How Advanced LSTM (A‑LSTM) Boosts Speech Emotion Recognition by 5.5%
This article introduces Advanced LSTM (A‑LSTM), which linearly combines multiple past hidden states to overcome traditional LSTM's one‑step dependency, and demonstrates its application in utterance‑level speech emotion recognition, achieving a 5.5% accuracy improvement through attention‑based weighted‑pooling RNNs and auxiliary speaker and gender tasks.
Research Background
LSTM is widely used in recurrent neural networks for sequence modeling, but its hidden state at the current time depends only on the previous time step, which may limit modeling of long‑range temporal dynamics. To address this limitation, the authors propose Advanced LSTM (A‑LSTM), which linearly combines hidden states from several past time steps, thereby breaking the traditional one‑step dependency.
Advanced Long Short‑Term Memory Network
A‑LSTM uses a linear combination of multiple previous hidden states, computed with a mechanism similar to attention. The combined representation C'(t) is fed into the next time step, allowing the network to assign different weights to distant and near past states.
Attention‑Based Weighted‑Pooling Recurrent Neural Network
The authors employ an attention‑based weighted‑pooling RNN for emotion recognition. The network takes acoustic feature sequences as input, uses attention to automatically adjust the weight of each time step, and then performs a weighted average (pooling) to obtain a representation of the entire sequence, effectively suppressing irrelevant segments such as long silences.

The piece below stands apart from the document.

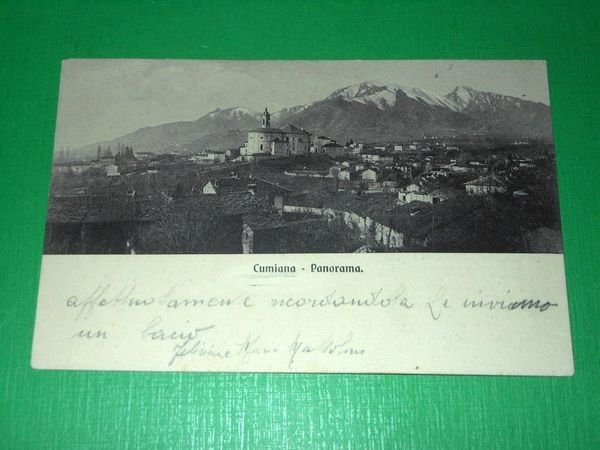 Cartolina Cumiana - Panorama 1912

Two auxiliary tasks—speaker identification and gender identification—are added to improve training. In the A‑LSTM variant, the bidirectional LSTM layer is replaced with a bidirectional A‑LSTM that combines three past states (t‑5, t‑3, t‑1) via linear attention.
Experiments
The experiments use the IEMOCAP dataset with four emotion classes (happy, angry, sad, neutral), containing 4,490 utterances. One male and one female speaker are held out for testing; the rest are used for training with 10% for validation. Evaluation metrics include unweighted average F‑score (MAF), unweighted average precision (MAP), and accuracy.

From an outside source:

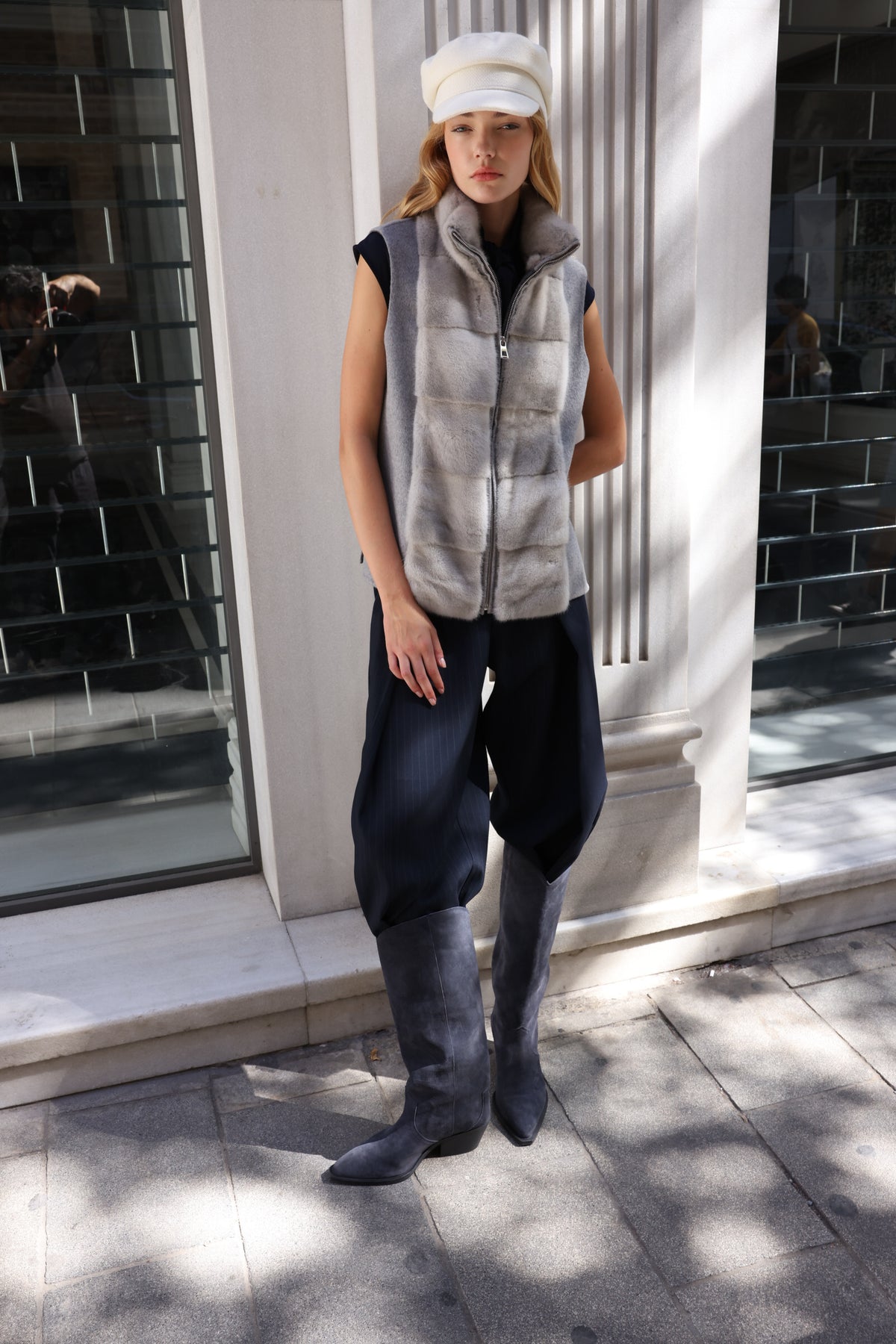 SMOKY PEARL GREY ALPACA MINK FUR VEST JACKET -9478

Thirty‑six acoustic features (e.g., MFCC, zero‑crossing rate, energy, spectral centroid, chroma vectors, harmonic ratio, pitch) are extracted, normalized at the utterance level, and fed into the system.
The network consists of a fully connected layer (256 ReLU units) followed by a bidirectional LSTM (256 units per direction) or bidirectional A‑LSTM, then the attention‑based weighted‑pooling layer, and three task‑specific output layers with weights 1.0 (emotion), 0.3 (speaker), and 0.6 (gender).
Results show that replacing the LSTM with A‑LSTM improves emotion recognition accuracy by 5.5% compared to the baseline, while the parameter increase is only a few hundred.
Conclusion
The A‑LSTM‑enhanced system outperforms the traditional LSTM baseline, confirming that the more flexible temporal dependency modeling provided by A‑LSTM leads to better performance, without significant computational overhead.